* _TASK TO COMPLETE_
Each line below should be repeated exactly as it stands.

EXTRACTED ENTRIES below:

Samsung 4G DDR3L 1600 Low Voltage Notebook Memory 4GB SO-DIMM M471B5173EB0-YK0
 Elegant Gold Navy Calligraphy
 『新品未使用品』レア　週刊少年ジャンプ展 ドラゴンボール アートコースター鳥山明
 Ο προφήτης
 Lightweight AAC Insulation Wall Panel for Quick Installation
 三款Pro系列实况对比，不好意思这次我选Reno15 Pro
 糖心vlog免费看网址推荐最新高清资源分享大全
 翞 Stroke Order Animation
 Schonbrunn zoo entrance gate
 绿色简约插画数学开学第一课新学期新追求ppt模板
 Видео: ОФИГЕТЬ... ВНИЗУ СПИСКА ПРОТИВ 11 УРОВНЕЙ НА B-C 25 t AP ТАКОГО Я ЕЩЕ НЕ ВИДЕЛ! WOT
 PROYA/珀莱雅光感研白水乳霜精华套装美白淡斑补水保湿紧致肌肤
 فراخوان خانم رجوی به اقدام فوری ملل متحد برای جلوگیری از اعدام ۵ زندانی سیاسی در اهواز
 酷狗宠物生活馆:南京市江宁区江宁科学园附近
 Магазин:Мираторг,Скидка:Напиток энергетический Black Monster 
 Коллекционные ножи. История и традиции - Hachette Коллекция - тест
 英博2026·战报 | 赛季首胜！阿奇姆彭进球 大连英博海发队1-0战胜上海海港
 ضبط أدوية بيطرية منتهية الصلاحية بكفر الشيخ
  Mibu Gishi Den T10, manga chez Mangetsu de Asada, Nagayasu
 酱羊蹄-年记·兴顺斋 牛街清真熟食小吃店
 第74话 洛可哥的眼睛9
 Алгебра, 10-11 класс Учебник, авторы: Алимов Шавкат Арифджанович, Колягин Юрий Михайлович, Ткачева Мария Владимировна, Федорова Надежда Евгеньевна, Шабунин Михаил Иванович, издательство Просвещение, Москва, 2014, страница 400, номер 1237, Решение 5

End of EXTRACTED ENTRIES.

* _OUTPUT BELOW_
Samsung 4G DDR3L 1600 Low Voltage Notebook Memory 4GB SO-DIMM M471B5173EB0-YK0
 Elegant Gold Navy Calligraphy
 『新品未使用品』レア　週刊少年ジャンプ展 ドラゴンボール アートコースター鳥山明
 Ο προφήτης
 Lightweight AAC Insulation Wall Panel for Quick Installation
 三款Pro系列实况对比，不好意思这次我选Reno15 Pro
 糖心vlog免费看网址推荐最新高清资源分享大全
 翞 Stroke Order Animation
 Schonbrunn zoo entrance gate
 绿色简约插画数学开学第一课新学期新追求ppt模板
 Видео: ОФИГЕТЬ... ВНИЗУ СПИСКА ПРОТИВ 11 УРОВНЕЙ НА B-C 25 t AP ТАКОГО Я ЕЩЕ НЕ ВИДЕЛ! WOT
 PROYA/珀莱雅光感研白水乳霜精华套装美白淡斑补水保湿紧致肌肤
 فراخوان خانم رجوی به اقدام فوری ملل متحد برای جلوگیری از اعدام ۵ زندانی سیاسی در اهواز
 酷狗宠物生活馆:南京市江宁区江宁科学园附近
 Магазин:Мираторг,Скидка:Напиток энергетический Black Monster 
 Коллекционные ножи. История и традиции - Hachette Коллекция - тест
 英博2026·战报 | 赛季首胜！阿奇姆彭进球 大连英博海发队1-0战胜上海海港
 ضبط أدوية بيطرية منتهية الصلاحية بكفر الشيخ
  Mibu Gishi Den T10, manga chez Mangetsu de Asada, Nagayasu
 酱羊蹄-年记·兴顺斋 牛街清真熟食小吃店
 第74话 洛可哥的眼睛9
 Алгебра, 10-11 класс Учебник, авторы: Алимов Шавкат Арифджанович, Колягин Юрий Михайлович, Ткачева Мария Владимировна, Федорова Надежда Евгеньевна, Шабунин Михаил Иванович, издательство Просвещение, Москва, 2014, страница 400, номер 1237, Решение 5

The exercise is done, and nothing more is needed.